Wednesday, September 19, 2012

Pretty soon I may have one less criticism of the Washington Examiner

The Washington Examiner is a free tabloid distributed in the Washington metropolitan area.  It was a brilliant repositioning of the formerly Suburban Journal publications, which published zoned additions for most of the suburban counties.  By becoming a "Washington" paper, they repositioned their place in the advertising market, opening up new segments and becoming more attractive to larger firms.

Anyway, the paper is owned by Philip Anschutz, a Coloradan who has made his wealth in oil, railroads, and telecommunications (he came up with Sprint, using the railroad right of way of the Southern Pacific [SPRint]] to lay lines), and in turn invested in other fields such as entertainment, where AEG, or the Anschutz Entertainment Group is a global player with interests in arenas, sports teams, concert production (they bankrolled what was supposed to be Michael Jackson's concert series in London), and other activities.

Through AEG, the company seeks tax incentives and other financial considerations from local and state governments to support their activities.

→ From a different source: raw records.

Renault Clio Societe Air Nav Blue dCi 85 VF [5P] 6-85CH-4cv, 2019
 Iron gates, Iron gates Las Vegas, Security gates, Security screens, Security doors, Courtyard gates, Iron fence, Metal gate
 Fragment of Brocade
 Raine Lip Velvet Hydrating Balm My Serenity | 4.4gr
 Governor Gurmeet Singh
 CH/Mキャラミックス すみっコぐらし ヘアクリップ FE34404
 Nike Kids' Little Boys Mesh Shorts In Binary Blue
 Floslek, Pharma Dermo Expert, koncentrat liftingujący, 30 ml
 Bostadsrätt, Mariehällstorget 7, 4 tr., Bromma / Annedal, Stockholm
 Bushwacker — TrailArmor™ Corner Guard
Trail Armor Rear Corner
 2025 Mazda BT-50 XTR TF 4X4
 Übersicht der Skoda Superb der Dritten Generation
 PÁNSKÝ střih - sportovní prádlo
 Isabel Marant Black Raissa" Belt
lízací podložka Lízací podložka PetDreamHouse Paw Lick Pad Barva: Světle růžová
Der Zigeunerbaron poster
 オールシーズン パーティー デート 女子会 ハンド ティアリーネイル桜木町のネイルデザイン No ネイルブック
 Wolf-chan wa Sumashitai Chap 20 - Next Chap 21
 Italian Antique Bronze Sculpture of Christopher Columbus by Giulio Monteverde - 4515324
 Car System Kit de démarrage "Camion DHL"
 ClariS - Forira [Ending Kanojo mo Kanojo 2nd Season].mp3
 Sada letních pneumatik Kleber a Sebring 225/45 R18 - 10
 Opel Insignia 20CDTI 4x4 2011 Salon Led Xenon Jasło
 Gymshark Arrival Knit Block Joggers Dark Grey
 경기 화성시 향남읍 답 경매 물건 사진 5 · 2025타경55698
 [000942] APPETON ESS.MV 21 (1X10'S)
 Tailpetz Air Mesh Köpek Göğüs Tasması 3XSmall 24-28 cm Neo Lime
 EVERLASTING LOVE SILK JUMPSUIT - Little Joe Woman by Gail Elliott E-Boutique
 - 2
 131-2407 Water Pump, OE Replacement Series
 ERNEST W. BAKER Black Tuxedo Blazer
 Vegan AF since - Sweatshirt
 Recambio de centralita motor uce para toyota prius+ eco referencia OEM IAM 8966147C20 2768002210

The company is heavily invested in Los Angeles and is seeking to bring a NFL football team to Los Angeles, and they have asked for financial consideration and reduced environmental review requirements--California's CEQA, the California Environmental Quality Act's assessment process is incredibly rigorous and yes, long--in order to bring this about ("State bill coming to protect AEG football stadium project," Orange County Register).

Meanwhile, the local Examiner is quick to editorialize against tax incentives and other financial support of development interests in the Washington metropolitan area.

While some of those kinds of projects are bad and deserve criticism and to be scuttled others are justifiable in the neoliberal-Growth Machine economic and political environment that is the reality that we are dealing with.

But in any case, the Examiner is hypocritical for not disclosing its corporate conflicts of interest with regard to such editorial positions.

... anyway, Mr. Anschutz is putting AEG up for sale.  See "AEG, owner of the Kings and Staples Center, is up for sale: Philip Anschutz puts his AEG sports and entertainment empire on the market in a potential blockbuster" from the Los Angeles Times.

I don't know if that would change the quest for an NFL team for LA, but it will take away one of my abilities to criticize the local paper's editorials.